That way you only need to implement your custom handler function.
Make sure to put your responses into the outputs
of the current worker job.
Furthermore, the name of the new worker must be included in the file ./src/packagesToBuild.json
. The name must not use uppercase letters or spaces and must match the name of the folder.

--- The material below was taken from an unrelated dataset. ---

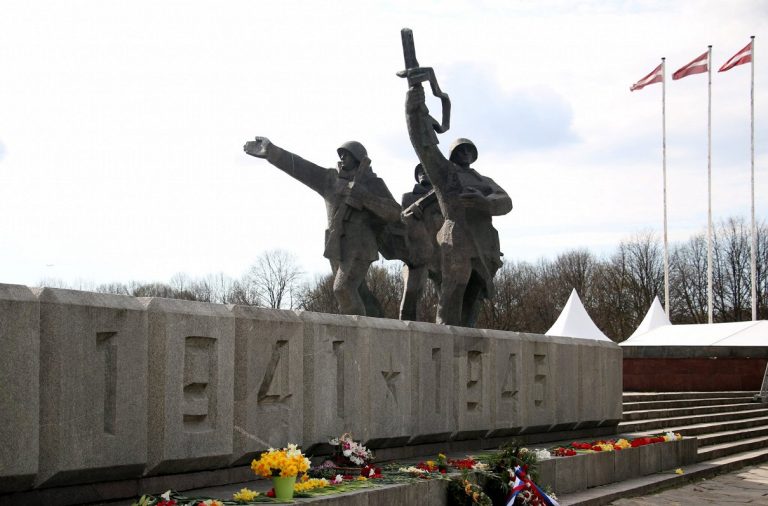 Снос памятника Пардаугаве обойдется «недешево» — мэр Риги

Have a look at the existing tests to see how to test a worker. In short:
- name your tests
<file>.spec.js
- make sure you export the functions you want to test
- make sure to wrap your
initialize
like follows:
(async () => {
try {
// Initialize and start the worker process
await initialize(rabbitHost, rabbitUser, rabbitPass, workerQueue, resultQueue, validateGeoTiff);
} catch (e) {
log('Error when initializing:', e);
}
})();
Run npm test
in the root folder to execute the tests.
Run single test files:
npx jest -- src/download-file/downloader.spec.js
The Docker images are built automatically by a GitHub Action. For local development they can be build individually like this:
# make sure you are in the root of the project
docker image build \
--file src/create-contour/Dockerfile \
--tag create-contour:my-custom-tag \
.
Alternatively, you can just run docker compose build
to build all of them.
The workers write JSON-structured logs using the the Pino library to the path defined with the environment variable LOG_FILE_PATH
.
The logs can be viewed using a texteditor, but it is easier to read the with the tool pino-pretty
(installation with npm i -g pino-pretty
). Examples:
# show all logs with colors
tail -f worker.log | pino-pretty -c
# show at least level "warn"
tail -f worker.log | pino-pretty -c -L warn
# ignore the 'job' property, because it is very verbose
tail -f worker.log | pino-pretty -c -i job
# print single lines
tail -f worker.log | pino-pretty -c -S
# filter by an attribute using 'jq'
tail -f worker.log | jq --unbuffered -c 'select(.type == "download-file")' | pino-pretty -c
# filter by many attributes
tail -f worker.log | jq --unbuffered -c 'select(.type == "download-file" or .type == "dispatcher")' | pino-pretty -c
In a production environment the log files can grow to a huge size and might crash the system. The unix tool logrotate
is useful for splitting one log file in many files or deleting very old log files.